Under the leadership of its first President, Robert C. Lechner,
The Northside Businessmen’s Club was organized in the spring of 1953. The founding members represented a small group of businessmen that lived or worked in the northern part of Jacksonville. The Clubs primary purpose was to promote growth and development in the city with particular emphasis on the Northside. At that time the Northside encompassed the area East of US 1 to the St. Johns River and North of 1st Street to the Trout River. In the year 2000 that area was enlarged to include from the St. Johns River downtown, north to Nassau County and West to I-295.
The first organizational meeting of the Northside Businessmen’s Club was held at the Watson Restaurant on Main Street at the Trout River.
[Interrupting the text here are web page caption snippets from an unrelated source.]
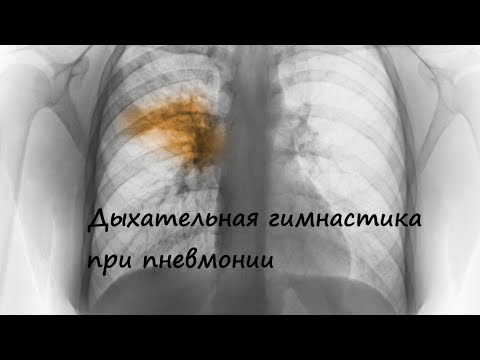 Дыхательная гимнастика при пневмонии (воспалении легких)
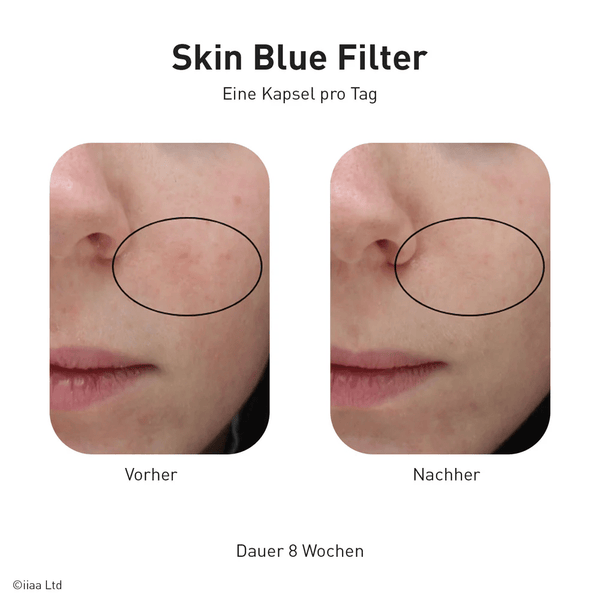 Advanced Nutrition Programme - Skin Blue Filter - Belrue
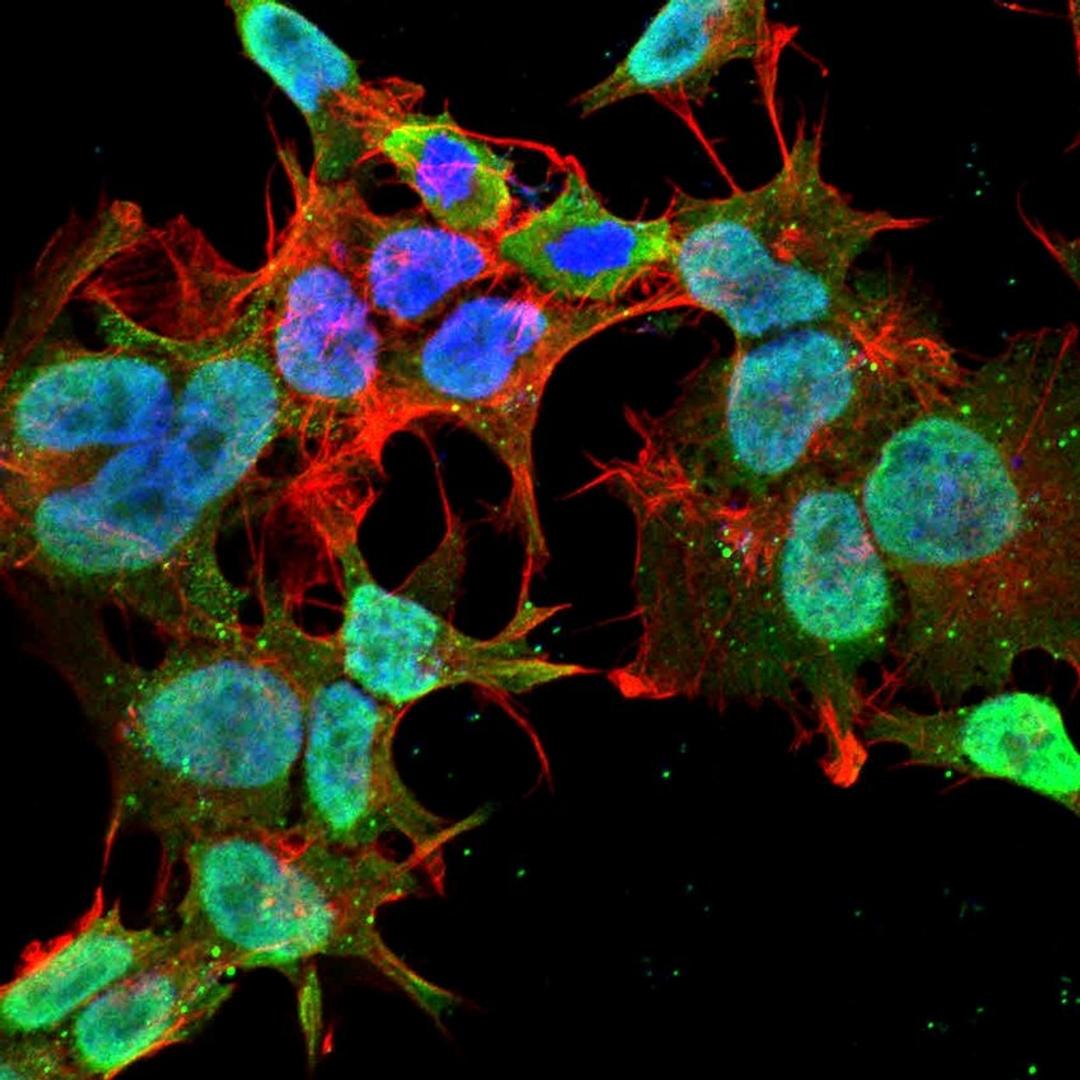 Immunofluorescence analysis of neuroblastoma cell line sk-n-be using FIG4 antibody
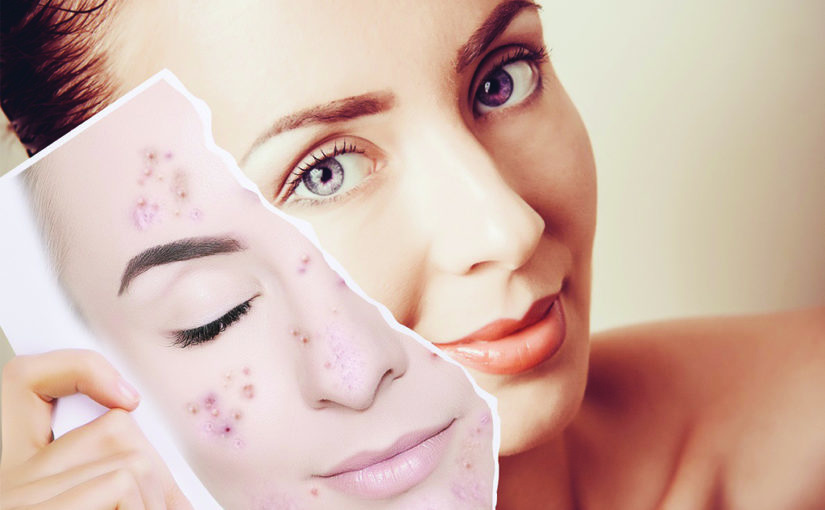 മുഖക്കുരു ശല്യം ഒഴിവാക്കാം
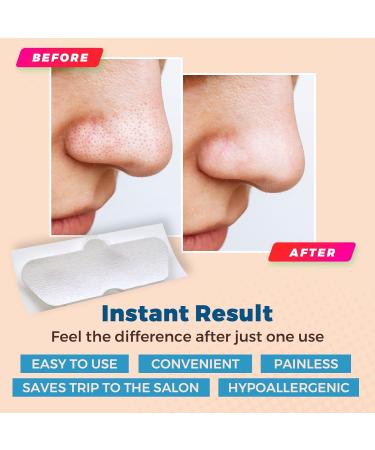 Nose Pore - Blackhead Removing and Pore Unclogging Deep Cleansing Pore Strip Combo Pack 96 Count Strips - Buy Online on GoSupps.com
Because they were some of the leading businessmen of North Jacksonville, Mr. Bob Lechner asked this group to meet. He was concerned that all of the city’s growth seemed to be going to South Jacksonville. The purpose of this meeting was to form a group of businessmen from North Jacksonville to promote the north side of town, before everything moved to South Jacksonville.
It was agreed, by all those present, that they would organize a club to be known henceforth as the Northside Businessmen’s Club. To be eligible to be a member, one must either own or be a manager of a business north of 1st Street or be a resident living in that area or be a manager or owner of a business doing business in North Jacksonville.
The Watson Restaurant, where the organizational meeting was held, did not have an adequate meeting room so the Club initially moved to 9th and Main Street and then to Moore’s Restaurant. Mr. Moore was persuaded to acquire a vacant store adjoining his restaurant and convert it into an additional dining room. This proved to be a satisfactory meeting place for many years. The Club grew with the Northside, and as new restaurants opened the Club changed its meeting location to take advantage of the more accommodating facilities. In 1978 the Club began meeting on the 10th floor of Methodist Hospital affectionately dubbed, “River Club North”.
In 1975 the Club accepted its first women member who was also its first African-American, none other that State Representative Mary Singleton; our By-Laws permitting both since the Clubs inception. Much of the Clubs growth and success occurred during the 1970’s, so much so in fact, that a part-time secretary, Sharon Anderson, was hired in 1973. She retained that position until she retired in 1987. Over the next several years a number of different secretaries came and went without great success until 1993 when Mrs. Francis Dixon was hired. She was also given the position of Treasurer so she would have a board vote, and has been so successful in those positions she was awarded the Man (?) of the Year honor in 1997.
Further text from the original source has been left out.